Cuando en la montaña soplaba el viento más fuerte, cuando eran menos las casas que adornaban sus faldas, cuandoEl Palo del Ahorcado comenzó a ser el símbolo de una comunidad de desplazados por la violencia, un grupo de profesores llegó a sembrar la paz.
Eso pasó hace más de 30 años. Leonidas Ospina, licenciado en Ciencias Sociales de la Universidad Distrital, se sentó en un escritorio atestado de papeles y recordó la historia. Al comienzo, la idea era solo desarrollar un proyecto de liderazgo con estudiantes de último grado de la zona, pero el clamor de los habitantes, al ver que gente preparada llegaba a una zona olvidada, terminó en un colegio: el Instituto Cerros del Sur (Ices).
Todo era difícil en 1974. Por entonces, Evaristo Bernate, licenciado en Filosofía y Letras de la Universidad San Buenaventura, soñaba con una escuela en la cual la comunidad fuera su pilar. ¡Qué mejor que la localidad de Ciudad Bolívar para erigir ese propósito! “Él conocía la zona, la labor de muchos sacerdotes –apunta Leonidas–; sabía que era posible una escuela con proyección comunitaria”.
Ya para 1984 la gente ansiaba tener un colegio para sus hijos. Entonces, sobre un terreno despoblado, donde solo corría el polvo llevado por las fuertes corrientes de aire, estos docentes montaron unas casetas prefabricadas. “Nos las fiaron –continúa–. De resto, le puedo decir que muchos colegios nos apoyaron con pupitres, libros y, lo mejor, trabajo voluntario. Evaristo fue el rector”.
La gente apoyaba tanto la escuela que pagaban pensión por la educación de sus hijos en un colegio que sufría hasta para tener agua. Para ellos eran costos simbólicos porque, por primera vez, alguien se preocupaba por empoderar a sus hijos, volverlos líderes de su destino. La institución llegó a tener 500 alumnos que estudiaban desde las 6:30 de la mañana hasta las 5 de la tarde. Con las uñas fueron capaces de sostener una jornada completa. La pedagogía de Paulo Freire, “la educación como práctica de la libertad”, ha sido la guía en este proyecto, hoy a cargo de 15 profesores, todos voluntarios, en un barrio de 12.000 habitantes. “Siempre –advierte Leonidas– creímos que la fuente del conocimiento es la realidad, por eso hay que estar en permanente diálogo con la comunidad”.

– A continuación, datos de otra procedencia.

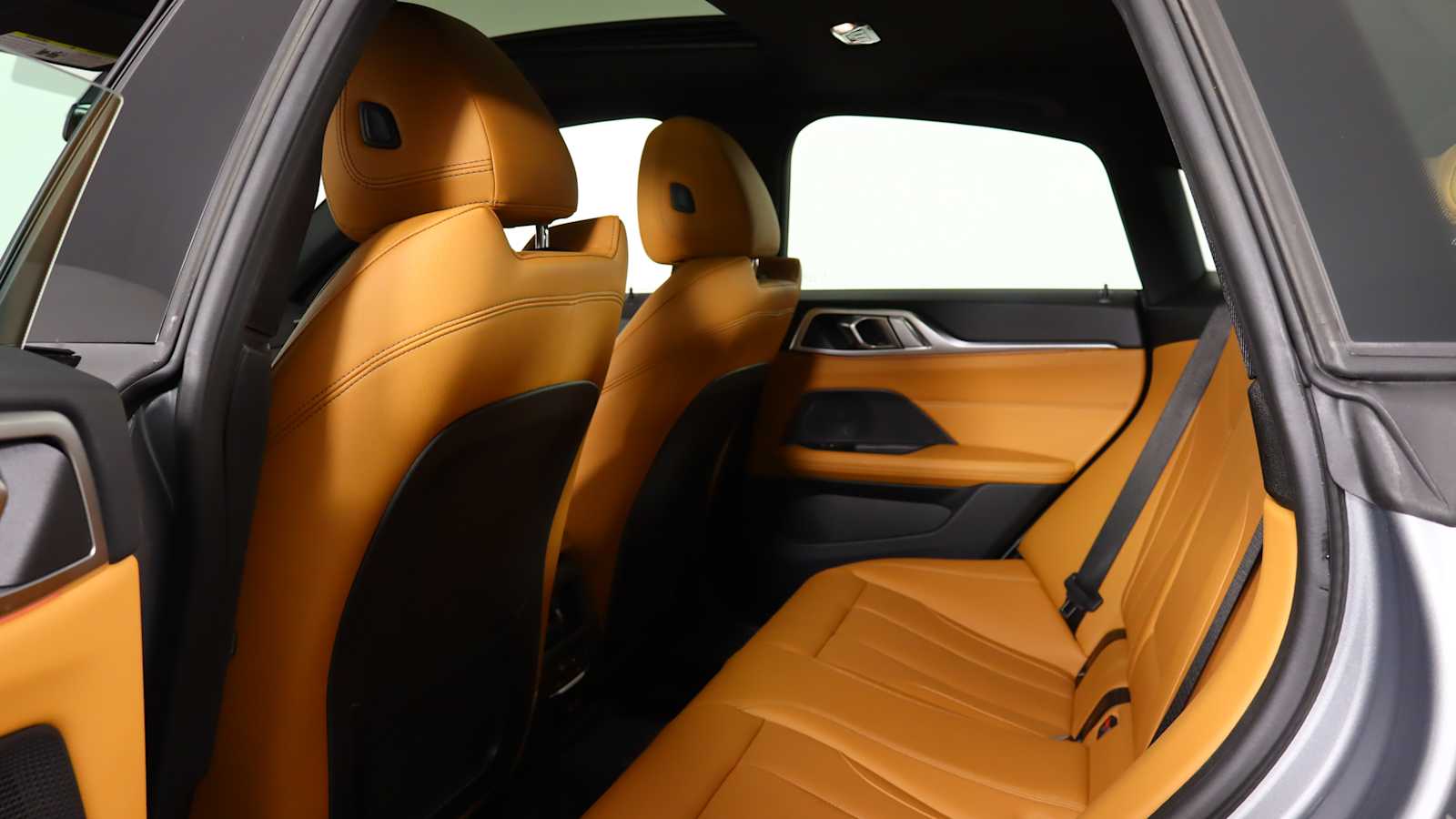 used 2023 BMW 430i car, priced at $37,672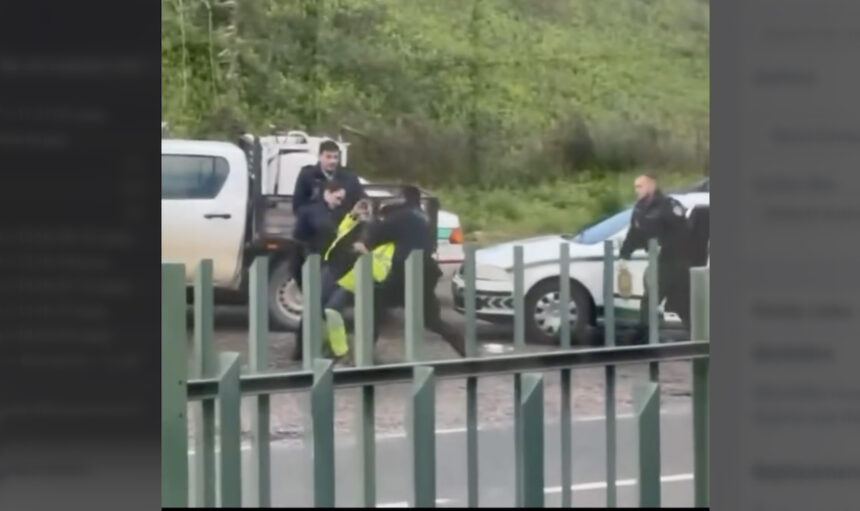 gnr gasoleo furto leiria ocorrencias detido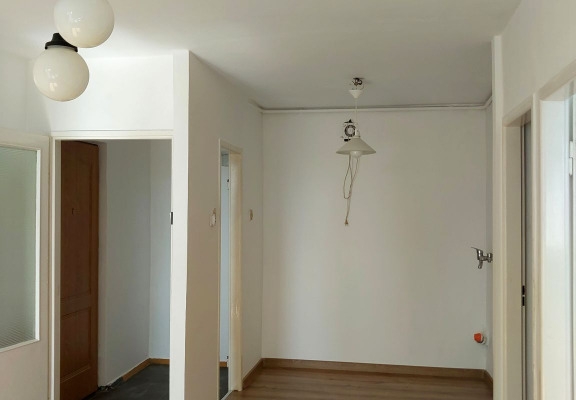 Ogłoszenie - 3pok, 45met, okolice Sky Towera LOGGIA/PIWNICA/WINDA (Wrocław). Zdjęcie 4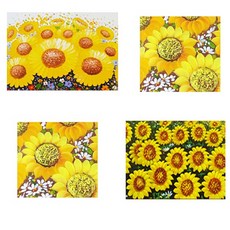 파리해바라기민박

![]() Así era el terreno cuando los líderes del proyecto llegaron al sector de Potosí en Ciudad Bolívar. Decenas de niños querían estudiar. |
La historia de un niño
Mientras la idea pedagógica crecía, Cristian Robayo forjaba su propia historia. Su familia, de Nimaima (Cundinamarca), llegó al sector de Potosí en Ciudad Bolívar. “A mi padre lo asesinaron en la zona y mi mamá se quedó sola, a cargo de sus cuatro hijos”.
En este sector, donde la guerra por la tierra ha cobrado muertos, su madre logró comprar un terreno y levantar su pequeño hogar. “Era un solo espacio donde funcionaba un cuarto, la cocina, la recreación, todo”, recuerda.
Por fortuna, Cristian se estrelló de frente con el Instituto Cerros de Sur. Con los profesores que hablaban de un cambio que él apenas entendía. “Con ellos pude estudiar y centrarme en lo deportivo. Ellos impulsaron todo eso”.
Se armaron de pica y pala para crear su campo de entrenamiento. “En esa época no había nada; la minería no había llegado a arrasar la montaña. Cien jóvenes y niños, de la mano de varios profesores, fuimos entrenados cada madrugada, antes de llegar a la escuela”. Lanzamiento, salto, marcha atlética, resistencia, velocidad, fueron algunas de las especialidades.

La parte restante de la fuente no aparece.